BRIEF:
Print every line of the records below exactly as it reads.

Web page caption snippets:
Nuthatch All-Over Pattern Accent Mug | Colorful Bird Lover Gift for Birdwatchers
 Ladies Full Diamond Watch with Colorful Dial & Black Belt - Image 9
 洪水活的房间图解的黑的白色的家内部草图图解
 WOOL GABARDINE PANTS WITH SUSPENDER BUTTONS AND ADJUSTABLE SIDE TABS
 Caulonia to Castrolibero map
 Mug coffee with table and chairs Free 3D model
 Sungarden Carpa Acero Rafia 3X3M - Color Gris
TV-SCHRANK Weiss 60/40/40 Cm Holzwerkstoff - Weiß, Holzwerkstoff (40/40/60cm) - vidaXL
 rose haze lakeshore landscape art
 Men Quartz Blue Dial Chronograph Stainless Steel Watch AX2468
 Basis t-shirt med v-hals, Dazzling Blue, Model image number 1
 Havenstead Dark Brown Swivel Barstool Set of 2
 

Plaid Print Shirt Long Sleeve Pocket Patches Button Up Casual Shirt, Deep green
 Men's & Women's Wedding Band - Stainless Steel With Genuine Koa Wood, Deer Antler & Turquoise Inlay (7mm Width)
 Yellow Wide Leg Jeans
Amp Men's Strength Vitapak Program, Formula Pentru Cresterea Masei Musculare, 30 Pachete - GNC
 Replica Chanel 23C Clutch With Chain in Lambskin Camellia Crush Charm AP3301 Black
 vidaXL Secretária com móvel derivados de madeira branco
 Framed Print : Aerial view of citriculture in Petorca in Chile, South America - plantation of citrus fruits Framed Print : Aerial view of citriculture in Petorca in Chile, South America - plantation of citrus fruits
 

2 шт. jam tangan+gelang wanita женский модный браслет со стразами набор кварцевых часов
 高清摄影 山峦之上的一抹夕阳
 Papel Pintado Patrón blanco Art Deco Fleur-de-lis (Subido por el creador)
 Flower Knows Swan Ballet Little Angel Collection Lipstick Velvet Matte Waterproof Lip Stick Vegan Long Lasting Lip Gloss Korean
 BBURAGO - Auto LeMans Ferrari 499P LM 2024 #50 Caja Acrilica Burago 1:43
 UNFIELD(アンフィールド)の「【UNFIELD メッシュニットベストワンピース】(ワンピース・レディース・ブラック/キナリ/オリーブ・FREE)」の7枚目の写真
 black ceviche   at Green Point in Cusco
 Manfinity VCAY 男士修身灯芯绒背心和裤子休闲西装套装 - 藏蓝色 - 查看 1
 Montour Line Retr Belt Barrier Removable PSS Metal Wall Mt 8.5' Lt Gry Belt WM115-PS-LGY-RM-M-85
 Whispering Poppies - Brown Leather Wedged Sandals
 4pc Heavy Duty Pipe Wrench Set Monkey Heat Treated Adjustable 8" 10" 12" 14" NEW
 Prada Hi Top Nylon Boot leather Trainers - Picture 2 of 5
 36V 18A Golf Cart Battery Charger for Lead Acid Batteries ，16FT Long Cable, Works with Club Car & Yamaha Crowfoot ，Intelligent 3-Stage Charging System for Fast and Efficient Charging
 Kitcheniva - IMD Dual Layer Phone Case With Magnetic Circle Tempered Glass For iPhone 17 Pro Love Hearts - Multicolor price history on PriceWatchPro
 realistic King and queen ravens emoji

TASK ANSWER:
Nuthatch All-Over Pattern Accent Mug | Colorful Bird Lover Gift for Birdwatchers
 Ladies Full Diamond Watch with Colorful Dial & Black Belt - Image 9
 洪水活的房间图解的黑的白色的家内部草图图解
 WOOL GABARDINE PANTS WITH SUSPENDER BUTTONS AND ADJUSTABLE SIDE TABS
 Caulonia to Castrolibero map
 Mug coffee with table and chairs Free 3D model
 Sungarden Carpa Acero Rafia 3X3M - Color Gris
TV-SCHRANK Weiss 60/40/40 Cm Holzwerkstoff - Weiß, Holzwerkstoff (40/40/60cm) - vidaXL
 rose haze lakeshore landscape art
 Men Quartz Blue Dial Chronograph Stainless Steel Watch AX2468
 Basis t-shirt med v-hals, Dazzling Blue, Model image number 1
 Havenstead Dark Brown Swivel Barstool Set of 2
 

Plaid Print Shirt Long Sleeve Pocket Patches Button Up Casual Shirt, Deep green
 Men's & Women's Wedding Band - Stainless Steel With Genuine Koa Wood, Deer Antler & Turquoise Inlay (7mm Width)
 Yellow Wide Leg Jeans
Amp Men's Strength Vitapak Program, Formula Pentru Cresterea Masei Musculare, 30 Pachete - GNC
 Replica Chanel 23C Clutch With Chain in Lambskin Camellia Crush Charm AP3301 Black
 vidaXL Secretária com móvel derivados de madeira branco
 Framed Print : Aerial view of citriculture in Petorca in Chile, South America - plantation of citrus fruits Framed Print : Aerial view of citriculture in Petorca in Chile, South America - plantation of citrus fruits
 

2 шт. jam tangan+gelang wanita женский модный браслет со стразами набор кварцевых часов
 高清摄影 山峦之上的一抹夕阳
 Papel Pintado Patrón blanco Art Deco Fleur-de-lis (Subido por el creador)
 Flower Knows Swan Ballet Little Angel Collection Lipstick Velvet Matte Waterproof Lip Stick Vegan Long Lasting Lip Gloss Korean
 BBURAGO - Auto LeMans Ferrari 499P LM 2024 #50 Caja Acrilica Burago 1:43
 UNFIELD(アンフィールド)の「【UNFIELD メッシュニットベストワンピース】(ワンピース・レディース・ブラック/キナリ/オリーブ・FREE)」の7枚目の写真
 black ceviche   at Green Point in Cusco
 Manfinity VCAY 男士修身灯芯绒背心和裤子休闲西装套装 - 藏蓝色 - 查看 1
 Montour Line Retr Belt Barrier Removable PSS Metal Wall Mt 8.5' Lt Gry Belt WM115-PS-LGY-RM-M-85
 Whispering Poppies - Brown Leather Wedged Sandals
 4pc Heavy Duty Pipe Wrench Set Monkey Heat Treated Adjustable 8" 10" 12" 14" NEW
 Prada Hi Top Nylon Boot leather Trainers - Picture 2 of 5
 36V 18A Golf Cart Battery Charger for Lead Acid Batteries ，16FT Long Cable, Works with Club Car & Yamaha Crowfoot ，Intelligent 3-Stage Charging System for Fast and Efficient Charging
 Kitcheniva - IMD Dual Layer Phone Case With Magnetic Circle Tempered Glass For iPhone 17 Pro Love Hearts - Multicolor price history on PriceWatchPro
 realistic King and queen ravens emoji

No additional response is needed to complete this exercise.